Building a Newsfeed
Key Objectives and Requirements of the System
Let’s design a dynamic feed system for a platform with these core requirements:
Functional Requirements:
- The feed will compile posts from connections, followed accounts, and joined groups.
- Users may maintain a substantial network of friends, connections, and subscriptions.
- The feed must support diverse content formats such as text, photos, videos, and shared links.
- The system should seamlessly append new content to the feed for all active users in real time.
- The feed generation should occur with minimal delay, maintaining a user experience latency of under 2 seconds.
- A new post should propagate across relevant feeds within 5 seconds of its creation, assuming the feed request coincides with post generation.
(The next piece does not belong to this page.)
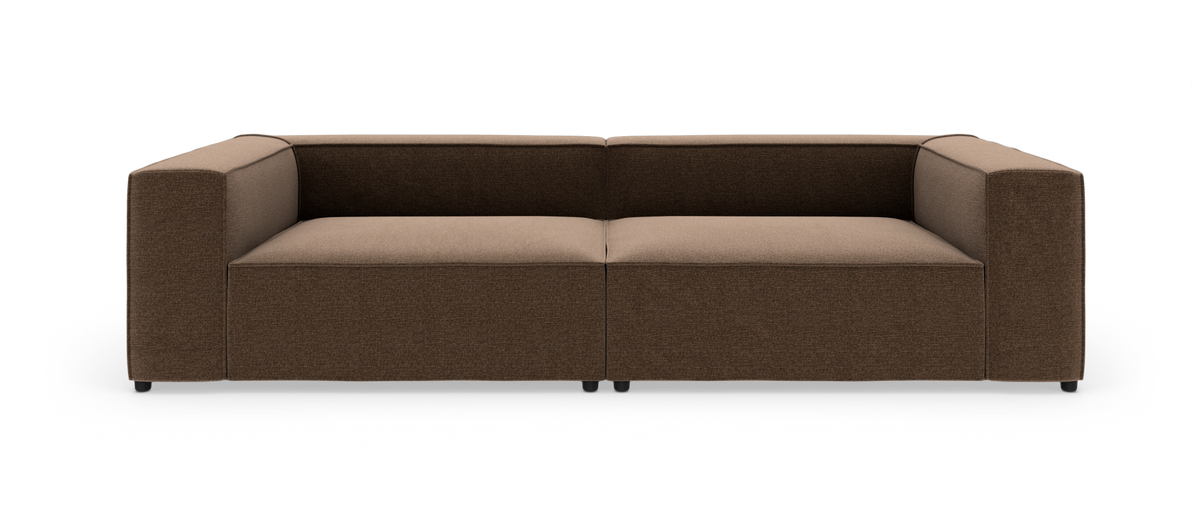 Brun, moderne 2-personers sofa med brede, firkantede armlæn på hvid baggrund.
Estimating Capacity and Constraints
Assume a user, on average, follows 250 accounts and has 350 connections.
Traffic Projections:Suppose there are 400M active daily users, each refreshing their feed approximately 4 times daily. This results in 1.6B feed requests per day or around 18,500 requests per second.
Storage Projections:For simplicity, assume each feed retains approximately 600 posts in memory for quick retrieval, with each post averaging 1.2KB in size. Consequently, each user’s feed requires about 720KB. Accommodating 400M users requires approximately 288TB of storage. Given a server’s capacity of 120GB, we’d need around 2,400 servers to host this data in memory.
Defining APIs for the Feed System
We’ll implement REST APIs to handle the feed functionalities. Below is an example of an API to fetch user feeds:
getFeed(api_key, user_id, max_results, filter)
Parameters:
api_key
(string): Authentication key for API access. Useful for managing user quotas and security.user_id
(integer): Unique ID of the user requesting the feed.max_results
(integer): Optional; limits the number of items returned, up to 250 per request.filter
(string): Optional; specifies filters like media type or excluding certain categories.
Returns:A JSON object with a list of feed entries containing metadata like post ID, timestamp, media URL, and content.
Structuring the Database
The design involves three main entities: User, Source (e.g., page, group, etc.), and Post. Below are some observations:
- A User can subscribe to sources and connect with other users.
- Posts can originate from both users and sources, with content varying from plain text to multimedia.
- Each Post references its creator through a UserID. For simplicity, let’s assume only users create posts, though, in reality, sources like pages also contribute.
- Posts may optionally reference an associated SourceID, denoting the origin (e.g., a specific group).
Using a relational database, we’d model the following relationships:
- User-Source Relationship: Users follow sources, requiring a table with UserID, SourceID, and Type (indicating whether the source is a user or entity).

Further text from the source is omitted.